Der Autor versorgt den Leser mit einer lebenstauglichen, philosophischen Grundausstattung, die von wohldosierten Tagesrationen, die jeweils nur ein bis zwei Seiten umfassen, genährt wird. Immer sind es Fragen, auf die jeder schnell eine Antwort parat hat. Ein paar Zeilen weiter gelesen, eröffnen sich neue Aspekte und stellen die vorgefertigte Meinung in Frage. Wunderbar.

In unserer reizüberfluteten Welt und einer daraus resultierenden allgemeinen Abgestumpftheit ist dies wahrhaftig ein Kunststück, das in Massarenti einen echten „Meister der kleinen Form“ erkennen lässt.

Umberto Eco schreibt in seinem Vorwort, dass er Massarentis Fähigkeit der Beschränkung bewundere. Normalerweise fällt es Schriftstellern wie Philosophen keineswegs schwer, viele Seiten zu einem Thema zu füllen; jedoch das Zusammenstreichen, die Filtration und Konzentration der Gedanken auf einen Raum von – sagen wir: 2000 Anschlägen, das ist ungleich schwieriger und richtig zeitraubende Arbeit für den Autoren.
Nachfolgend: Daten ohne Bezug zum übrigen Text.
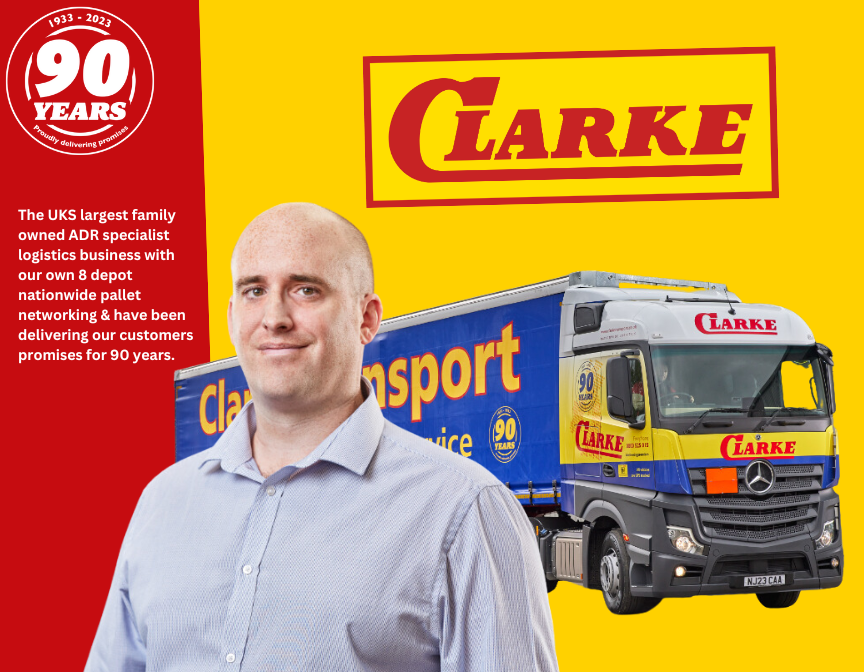 Clarke Transport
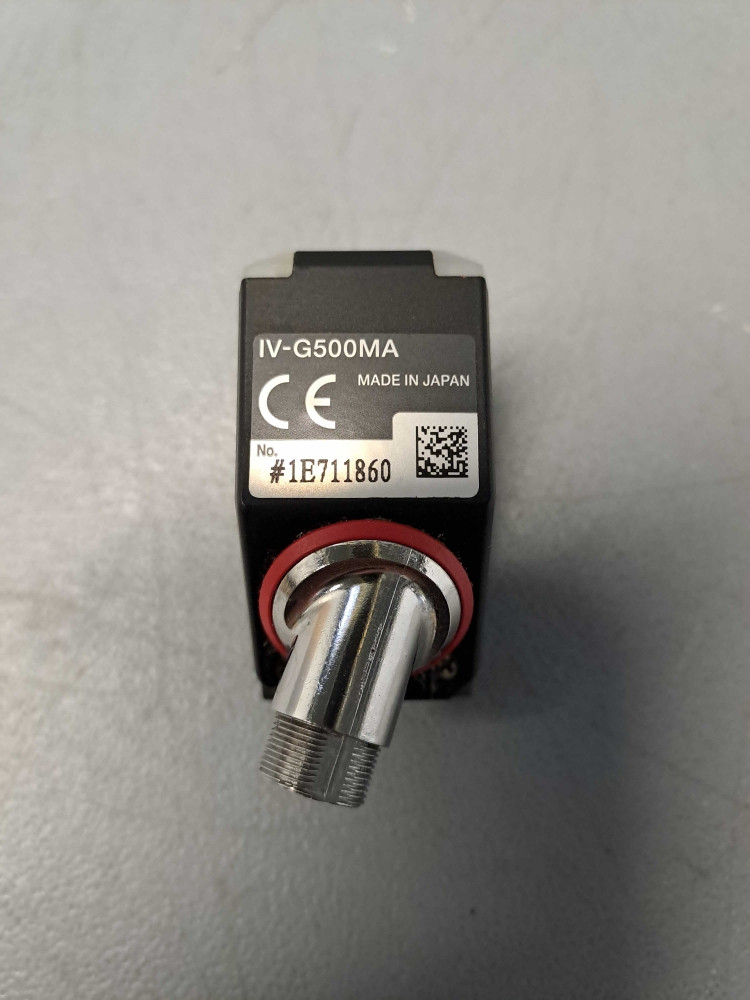 KEYENCE  IVG500MA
Lesen Sie diese Kurztexte täglich – am besten morgens anstelle ihrer Tageszeitung, in der sowieso nichts Vernünftiges steht! Geben Sie Ihrem Verstand lieber frisches Gedankenfutter und „werfen Sie den Zwerg“ Ihrer Vorstellungskraft, so weit Sie nur können.

„Zwergenweitwurf und andere philosophische Übungen“ ist erschienen im Verlag Insel (Suhrkamp).
Für 17,80 Euro gibt´s einen festen Einband mit 205 Seiten.